Ditching the hassle of wood fireplaces is a popular move in Justin Isaacson’s Minnesota market.
“Especially with the aging population in this area, it’s just not a viable option for people to go out and cut their own wood and have to tend the fire to have the warmth,” says Isaacson, owner of Ike’s Fireplace and Ike’s Heating and Cooling in Nevis, Minnesota.
So these homeowners are turning to the convenience of propane fireplace inserts that can be retrofitted into the wood fire box. The gas units eliminate the creosote buildup in chimneys, so homeowners no longer have to worry about chimney fires. They add the convenience of a remote control or switch to start the fire, compared with the arduous task of building a fire and waiting for it to heat up. They don’t require the mess or hauling of wood logs. And they’re even cost-competitive to operate.
“Wood is getting pretty darn expensive, and propane is really a viable option versus many different fuels,” Isaacson says. Except for municipalities with access to natural gas, “For the most part, I think propane is the most cost-friendly option in this area,” he adds.
If your clients are ready to move on from their wood fireplace, Isaacson offers four product and installation tips for a smooth conversion experience.
1. Opt for a heater-rated unit for air quality and heat output.
Heater-rated gas fireplace inserts are constructed to withstand continuous operation and designed to be used for heating, with ceramic glass and refractory brick to facilitate heat transfer. They use two-pipe sealed ventilation, pulling in fresh air from the outside to burn and then exhausting flue gases through another pipe, so the system is completely sealed. Gas logs offer an alternative but rely entirely on the draft of the original wood chimney to exhaust, providing less-optimal air quality.
2. Ventilate through the existing wood chimney.
To install a propane fireplace insert, Isaacson first has a chimney sweep come in to clean out the chimney and fire box. He installs a liner kit that includes a termination top, which connects to the combustion air and exhaust pipes. Isaacson typically drops a rope down the chimney, ties the other end to the two pipes, and then uses a two-man team to guide the pipes through a chimney. For challenging chimneys, such as one with a horizontal jog in the middle, he’s used a tennis ball on the end of the rope to bounce its way to the chimney opening.
If the chimney is too dilapidated to be used for wood, then it won’t work for gas, either. Consider installing a built-in gas fireplace in a different location, where it can be direct-vented right out the side wall.
3. Have multiple options ready for gas line installation.
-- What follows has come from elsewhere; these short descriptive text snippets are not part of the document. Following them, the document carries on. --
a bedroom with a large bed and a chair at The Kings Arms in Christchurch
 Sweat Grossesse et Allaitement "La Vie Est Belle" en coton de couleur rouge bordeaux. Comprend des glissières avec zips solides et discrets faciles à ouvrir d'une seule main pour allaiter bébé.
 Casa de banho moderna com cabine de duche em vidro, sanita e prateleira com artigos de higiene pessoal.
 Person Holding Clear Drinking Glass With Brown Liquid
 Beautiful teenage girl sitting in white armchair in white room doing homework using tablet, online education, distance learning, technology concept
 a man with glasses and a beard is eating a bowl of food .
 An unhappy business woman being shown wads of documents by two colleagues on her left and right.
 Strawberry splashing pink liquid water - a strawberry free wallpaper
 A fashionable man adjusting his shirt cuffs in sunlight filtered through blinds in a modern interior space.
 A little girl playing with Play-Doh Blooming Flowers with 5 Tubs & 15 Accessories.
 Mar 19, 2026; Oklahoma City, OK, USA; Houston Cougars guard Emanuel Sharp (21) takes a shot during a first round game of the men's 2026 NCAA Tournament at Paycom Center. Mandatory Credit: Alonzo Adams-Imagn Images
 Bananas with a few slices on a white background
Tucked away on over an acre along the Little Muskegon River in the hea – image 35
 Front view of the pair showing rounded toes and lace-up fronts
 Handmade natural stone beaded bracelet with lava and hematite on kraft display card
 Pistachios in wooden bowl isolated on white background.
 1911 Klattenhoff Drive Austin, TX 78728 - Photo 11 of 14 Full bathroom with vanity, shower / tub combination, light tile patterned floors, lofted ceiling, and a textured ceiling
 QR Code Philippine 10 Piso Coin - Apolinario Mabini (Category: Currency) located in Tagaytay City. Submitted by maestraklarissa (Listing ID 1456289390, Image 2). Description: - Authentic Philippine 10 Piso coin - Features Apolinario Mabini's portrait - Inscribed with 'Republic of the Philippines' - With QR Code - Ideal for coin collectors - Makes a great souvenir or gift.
When bringing a gas line to the new fireplace unit, Isaacson always has a backup plan ready. A particularly challenging fireplace replacement might have several inches of concrete and steel panels around it, so he might employ plasma cutters or impact rotary drills to drill a hole on either side of the fireplace unit. But Isaacson might also consider running the gas line a different way. For instance, it might not be worth cutting through a huge swath of concrete and steel to connect to a gas line in the basement mechanical room. “It might be easier to go right out the back and run a line from behind the fireplace,” Isaacson says. “Have a regulator there and then run that over to the propane tank, and then just have a separate circuit for the fireplace.”
4. Fireplace surrounds provide a pleasing finished aesthetic.
Isaacson commonly uses the Escape-30 and Escape-35 gas insert fireplaces from Heat & Glo, selecting the largest unit that can be accommodated in the original space. A surround connects to the insert, covering the void area left over between the insert and the existing unit to provide a finished look. Manufacturers typically offer several options for the front and shape of the surround. “You can get custom surrounds where it might be an arch top or a different-size rectangle than just their standard size,” he says. With a fantastic finished look, your client’s new propane fireplace will be a welcome replacement for their messy, bothersome wood unit.